DATA PROVIDED »
━━━━━━
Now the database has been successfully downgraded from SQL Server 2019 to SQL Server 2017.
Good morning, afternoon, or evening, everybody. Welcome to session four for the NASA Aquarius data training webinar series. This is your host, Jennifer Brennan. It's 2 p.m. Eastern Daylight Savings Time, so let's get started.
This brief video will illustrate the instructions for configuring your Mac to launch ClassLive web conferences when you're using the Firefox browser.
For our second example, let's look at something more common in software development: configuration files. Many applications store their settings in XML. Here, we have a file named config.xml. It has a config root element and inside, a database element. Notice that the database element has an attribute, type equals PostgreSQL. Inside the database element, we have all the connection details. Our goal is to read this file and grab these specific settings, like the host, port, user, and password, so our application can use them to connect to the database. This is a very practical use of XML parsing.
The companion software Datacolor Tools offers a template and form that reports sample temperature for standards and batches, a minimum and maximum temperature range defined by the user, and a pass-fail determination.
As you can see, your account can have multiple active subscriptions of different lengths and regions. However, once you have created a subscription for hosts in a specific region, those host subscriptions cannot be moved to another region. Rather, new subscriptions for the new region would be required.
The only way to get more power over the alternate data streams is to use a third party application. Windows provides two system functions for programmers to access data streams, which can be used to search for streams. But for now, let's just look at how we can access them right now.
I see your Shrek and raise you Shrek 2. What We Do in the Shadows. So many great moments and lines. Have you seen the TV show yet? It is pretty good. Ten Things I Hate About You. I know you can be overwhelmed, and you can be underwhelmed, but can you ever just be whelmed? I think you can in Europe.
━━━━━━
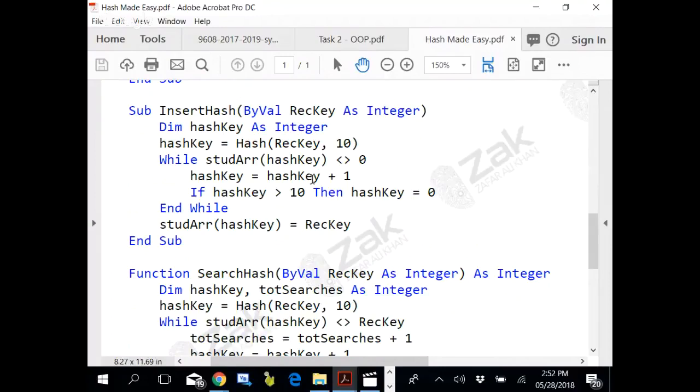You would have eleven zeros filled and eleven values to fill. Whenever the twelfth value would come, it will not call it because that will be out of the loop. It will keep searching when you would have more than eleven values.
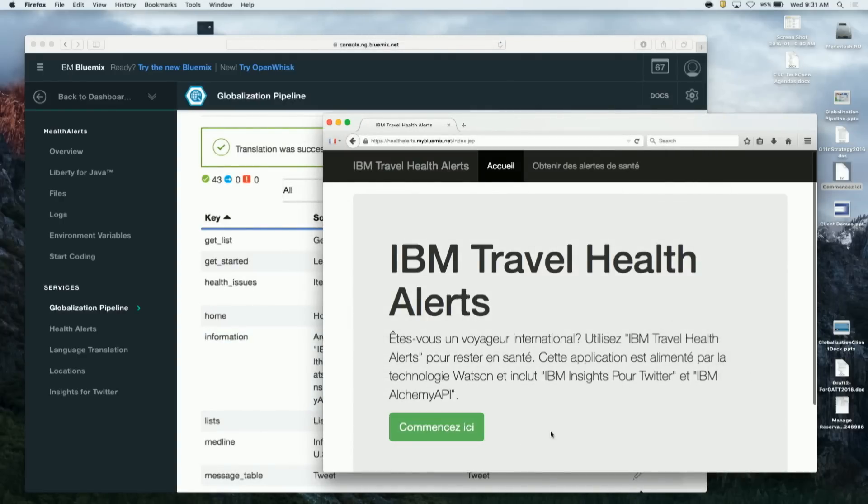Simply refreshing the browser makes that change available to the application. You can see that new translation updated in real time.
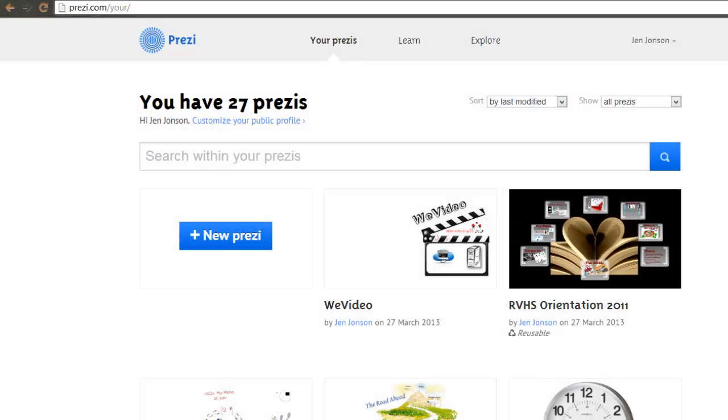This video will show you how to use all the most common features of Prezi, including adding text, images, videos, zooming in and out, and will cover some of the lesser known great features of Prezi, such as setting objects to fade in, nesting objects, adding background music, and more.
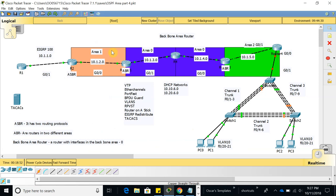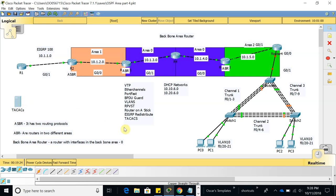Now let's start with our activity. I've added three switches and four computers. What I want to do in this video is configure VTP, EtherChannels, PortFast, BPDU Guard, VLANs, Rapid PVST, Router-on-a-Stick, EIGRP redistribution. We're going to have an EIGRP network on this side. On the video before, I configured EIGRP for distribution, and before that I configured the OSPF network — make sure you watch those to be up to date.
━━━━━━
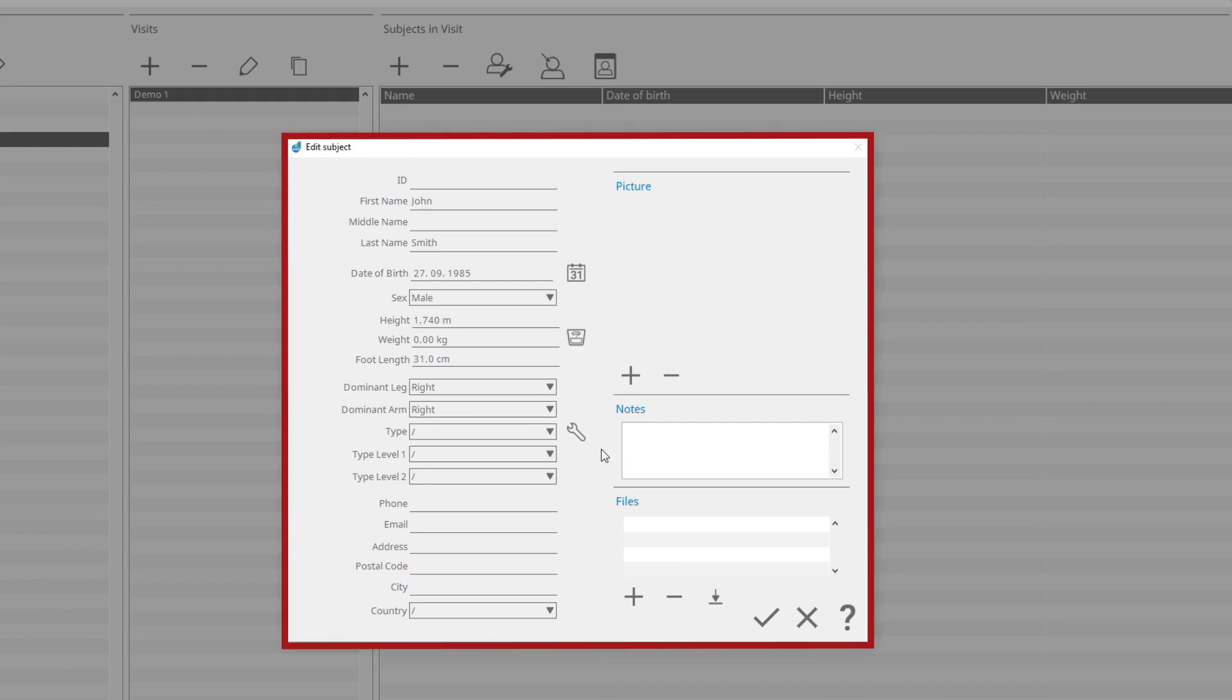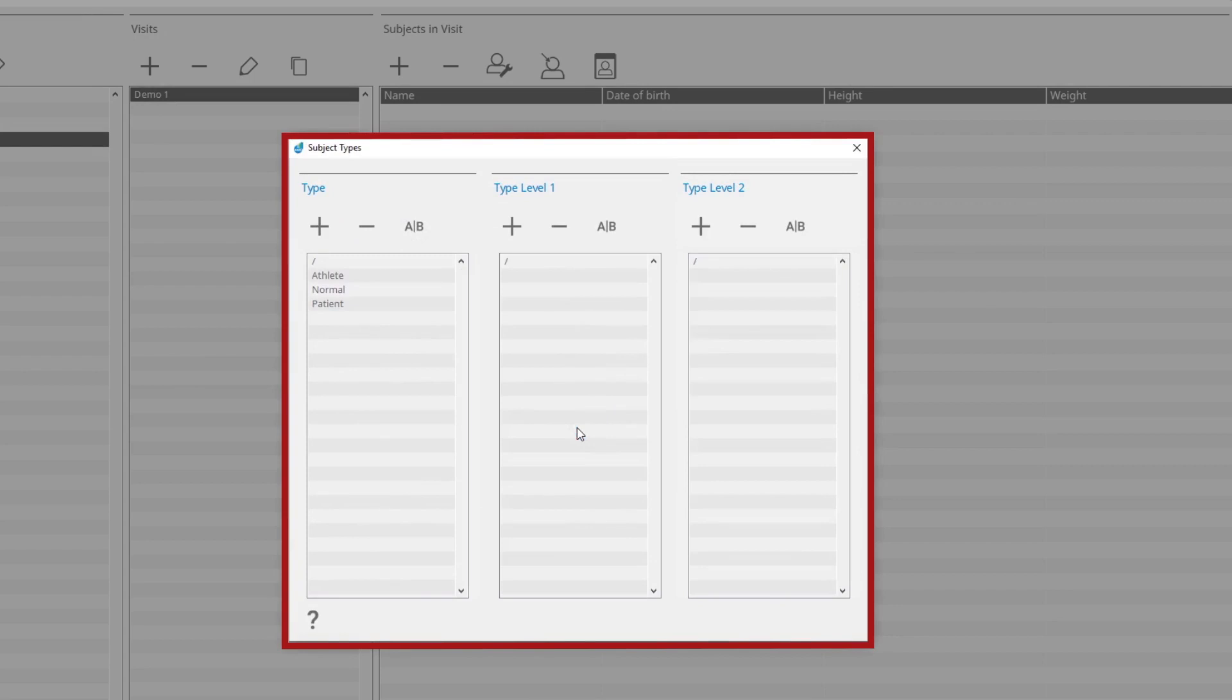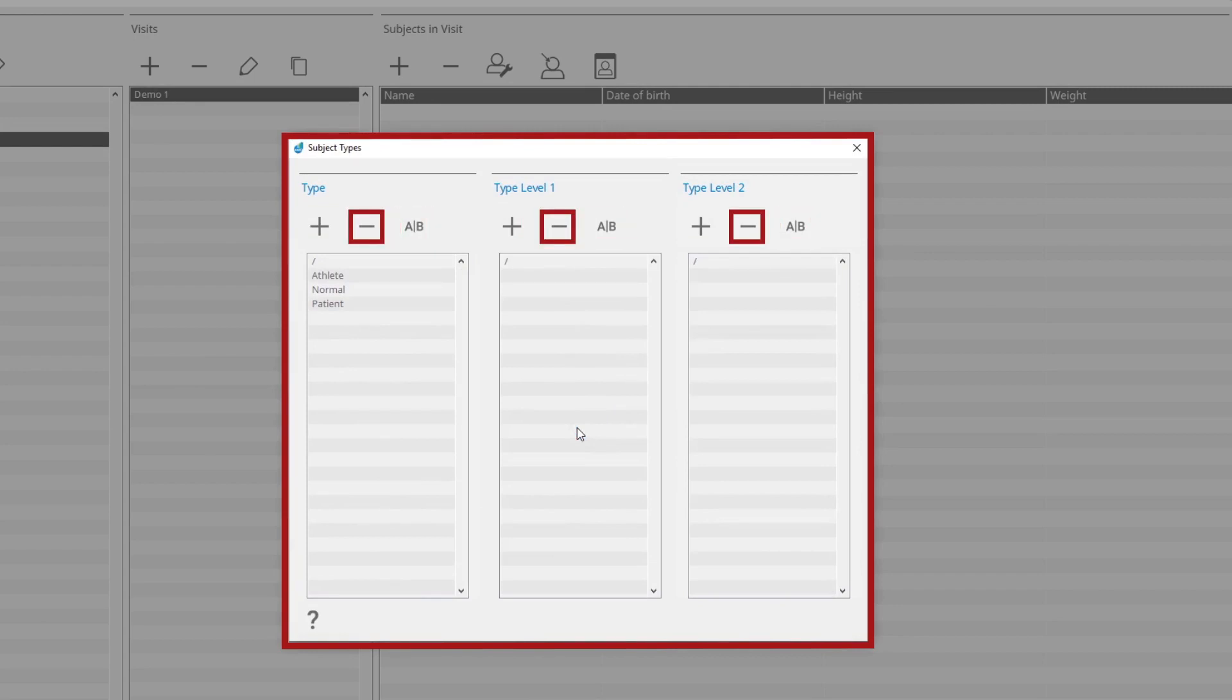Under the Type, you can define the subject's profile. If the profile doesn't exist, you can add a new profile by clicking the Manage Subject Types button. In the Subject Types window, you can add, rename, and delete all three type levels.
━━━━━━
TASK REQUIREMENTS » Count every line in the listing above where the string "user" occurs, and report the count and nothing more.

WRITTEN ANSWER » 2